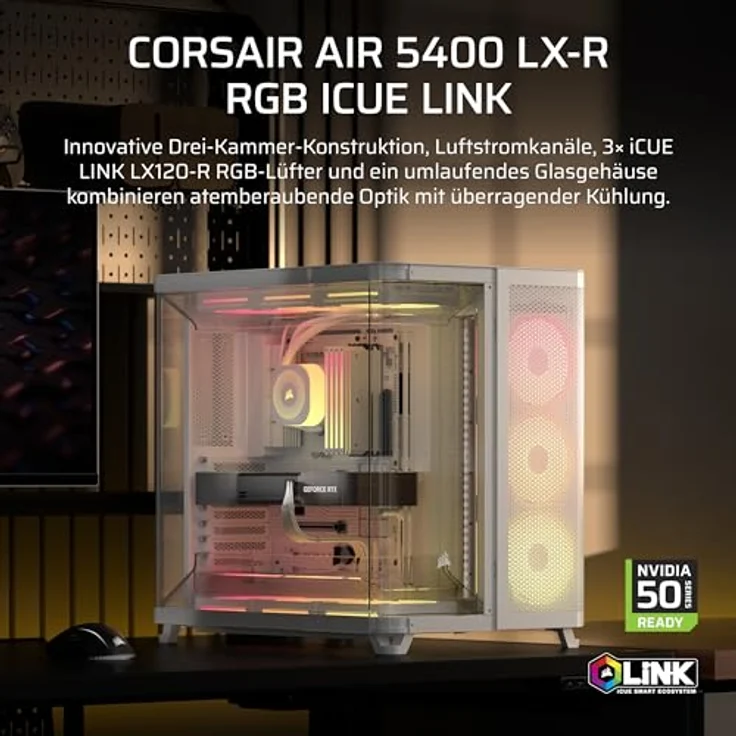 Corsair AIR 5400 LX-R RGB LINK, Mid-Tower PC Gehäuse mit Sichtfenster, modularem Innenraum und bis zu 10 Lüftern, Weiss – Bild 2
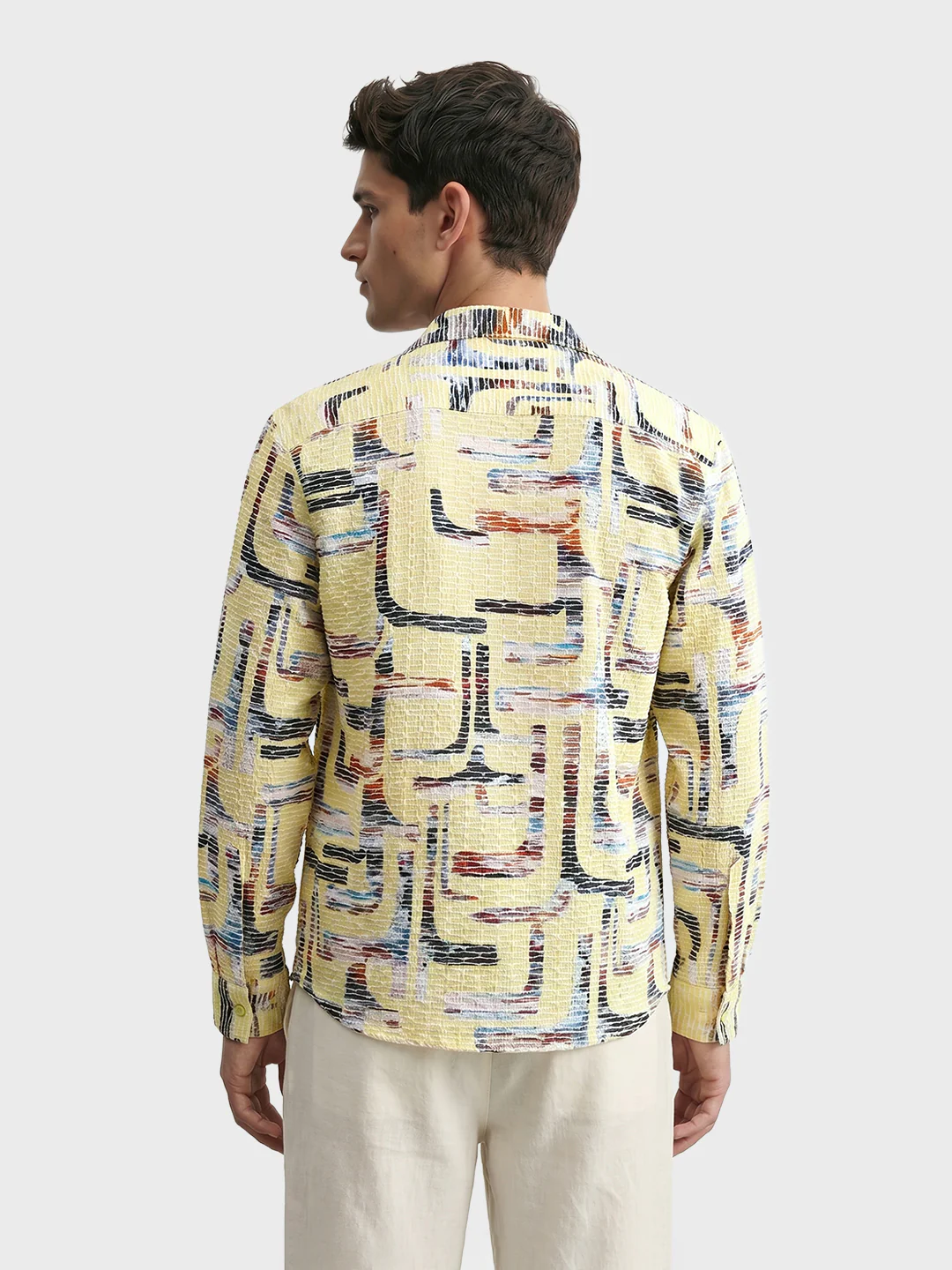 Men's Yellow Relaxed Fit Solid Casual Shirt - Image 5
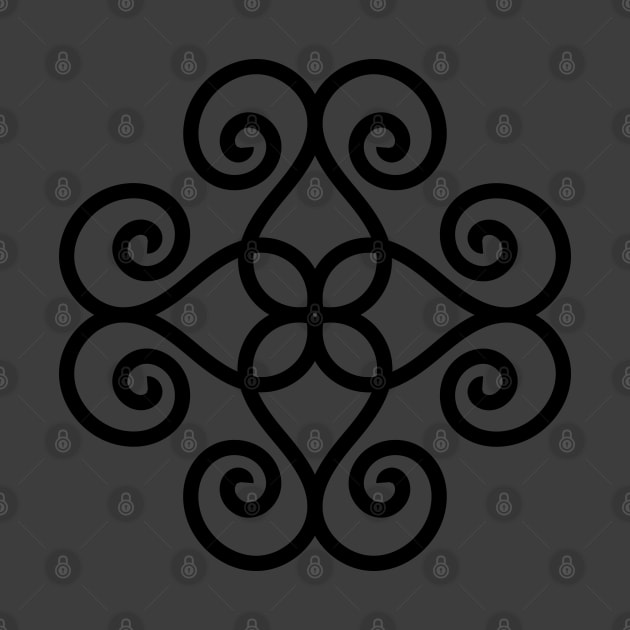 Black Geometric Swirl 2 by Orchyd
++++++
About this task:
From the first line to the last, output the data exactly, without the pictures.

Exercise solution:
 Corsair AIR 5400 LX-R RGB LINK, Mid-Tower PC Gehäuse mit Sichtfenster, modularem Innenraum und bis zu 10 Lüftern, Weiss – Bild 2
 Men's Yellow Relaxed Fit Solid Casual Shirt - Image 5
 Black Geometric Swirl 2 by Orchyd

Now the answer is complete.